Each line of the data below between the one containing "Sheep anti-Human Hemoglobin" and the one containing "糸リフト / あごプロテーゼ", both included, is to be repeated exactly. Please omit pictures.

:: Supplied records

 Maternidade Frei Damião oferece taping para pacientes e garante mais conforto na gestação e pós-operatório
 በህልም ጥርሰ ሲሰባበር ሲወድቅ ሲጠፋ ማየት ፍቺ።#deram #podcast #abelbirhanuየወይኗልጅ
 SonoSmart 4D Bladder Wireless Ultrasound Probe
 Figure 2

::::
:: Supplied records

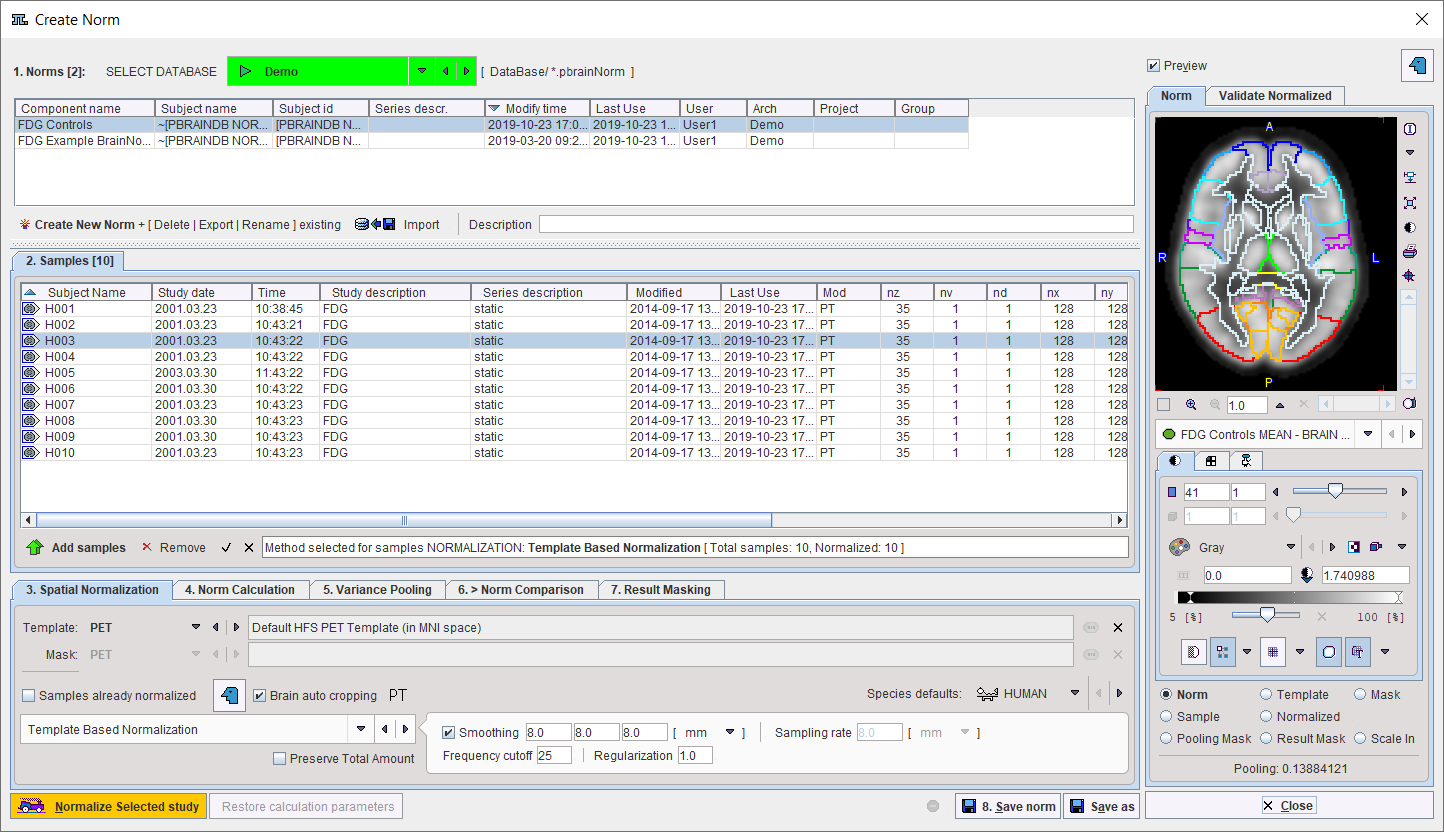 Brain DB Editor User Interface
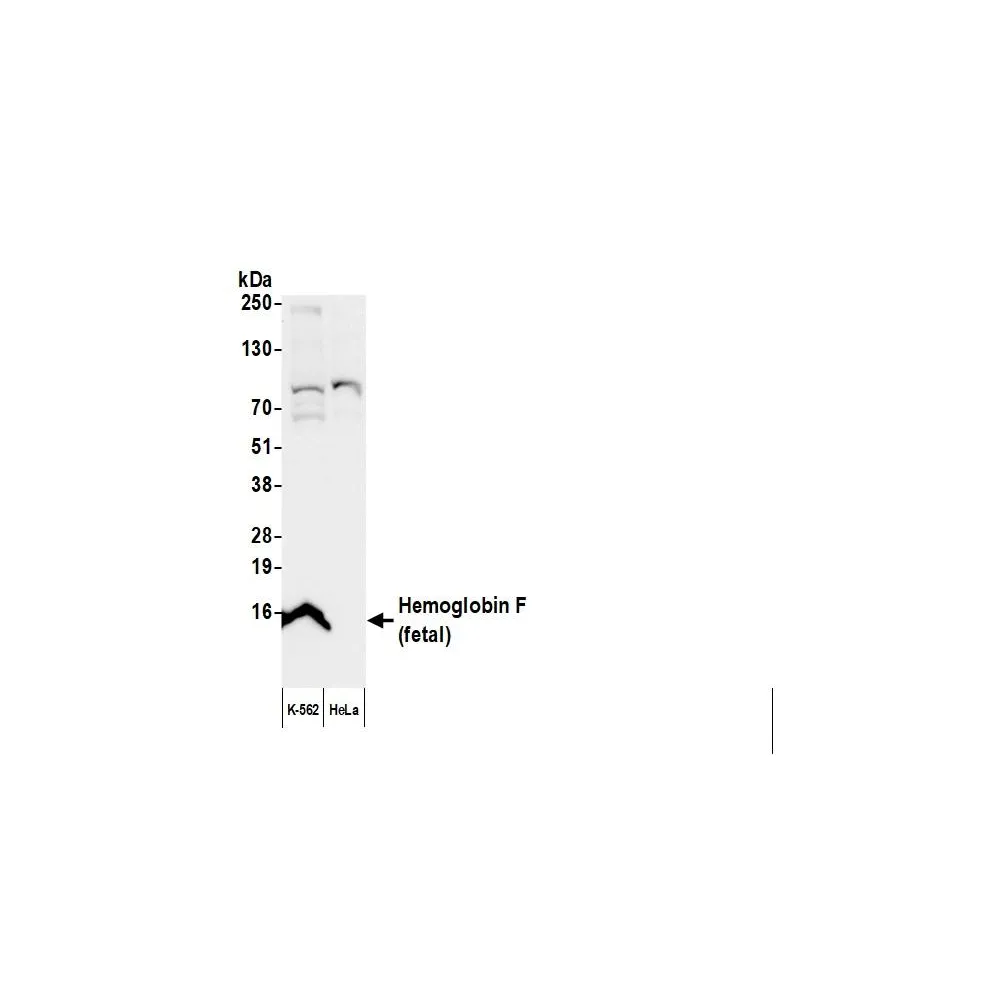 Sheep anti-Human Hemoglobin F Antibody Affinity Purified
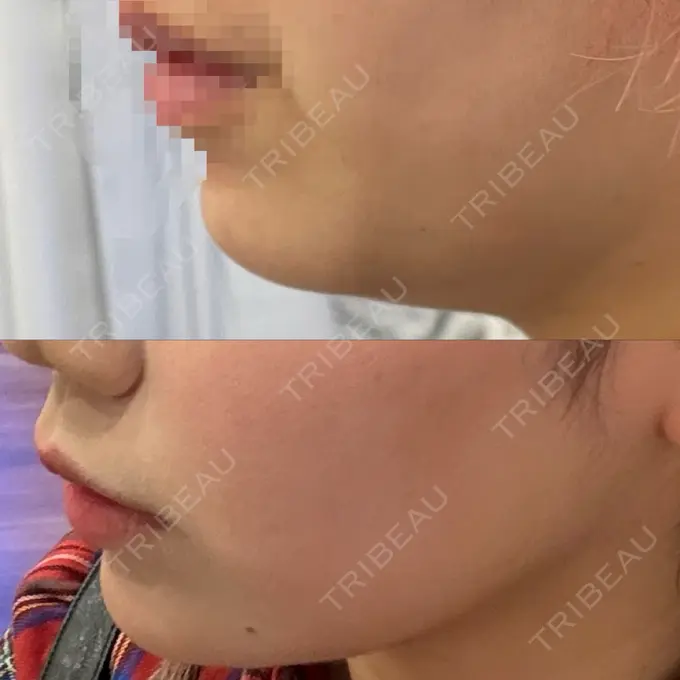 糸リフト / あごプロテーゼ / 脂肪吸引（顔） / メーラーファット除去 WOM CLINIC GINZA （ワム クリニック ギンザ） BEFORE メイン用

::::
:: Supplied records

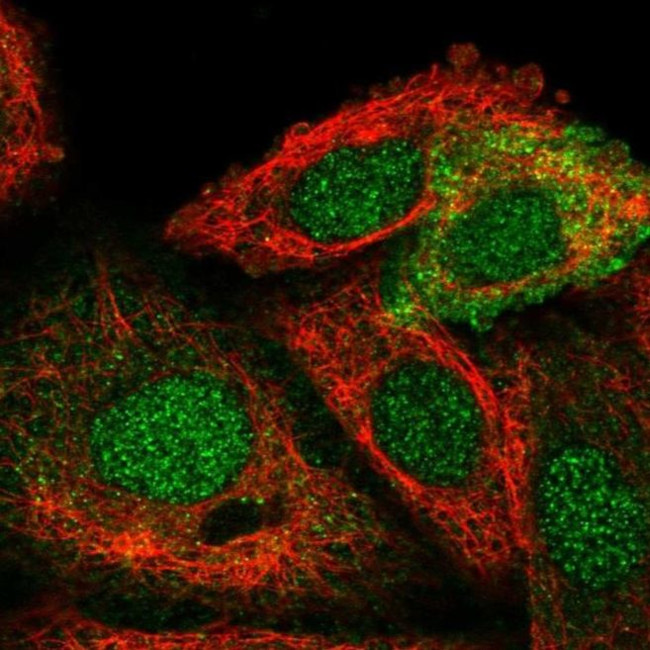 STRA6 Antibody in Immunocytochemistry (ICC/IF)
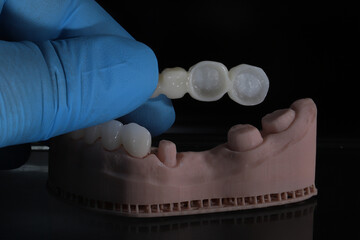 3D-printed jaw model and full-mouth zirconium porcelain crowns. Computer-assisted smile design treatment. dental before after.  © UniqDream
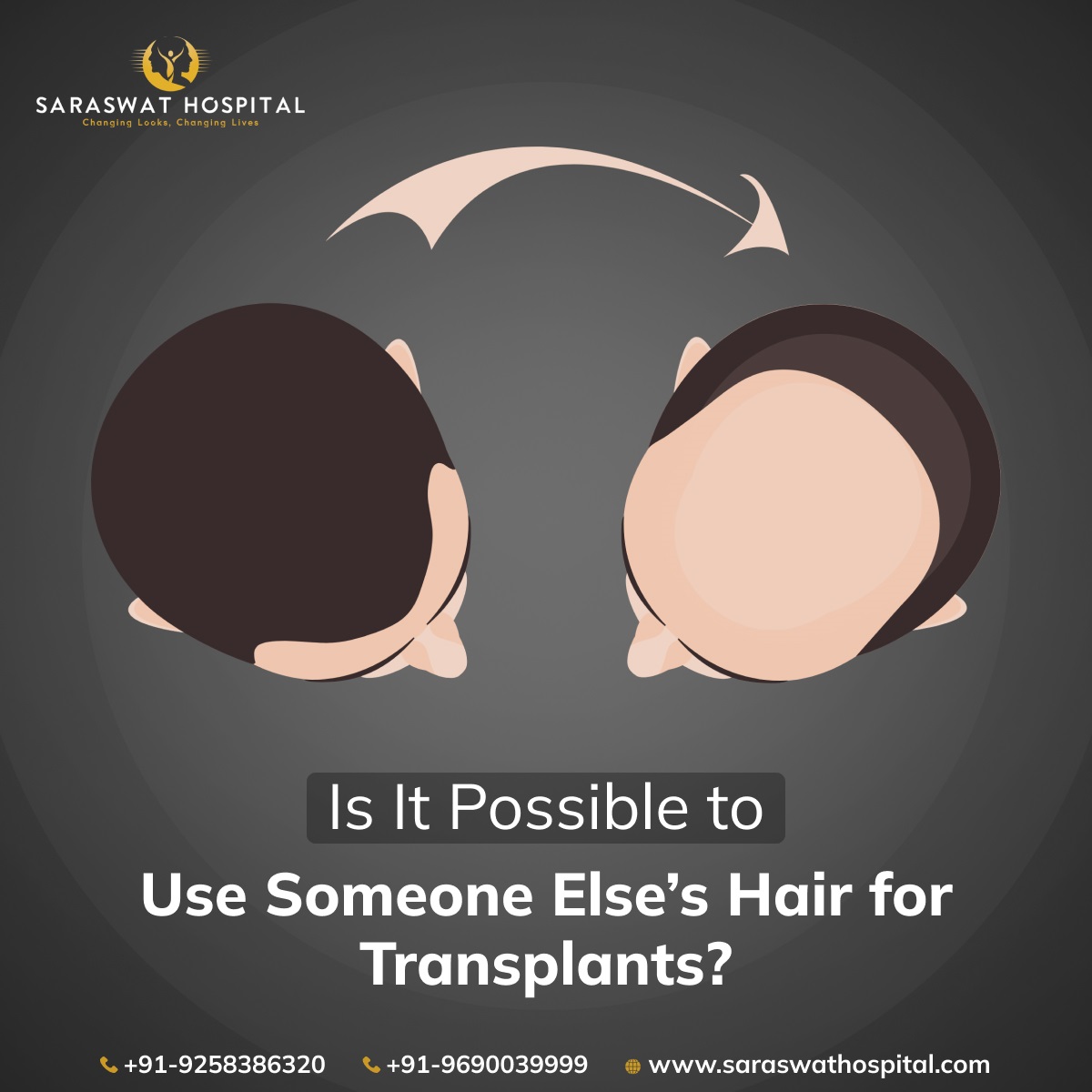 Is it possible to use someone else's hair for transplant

::::

Answer area
 Sheep anti-Human Hemoglobin F Antibody Affinity Purified
 糸リフト / あごプロテーゼ / 脂肪吸引（顔） / メーラーファット除去 WOM CLINIC GINZA （ワム クリニック ギンザ） BEFORE メイン用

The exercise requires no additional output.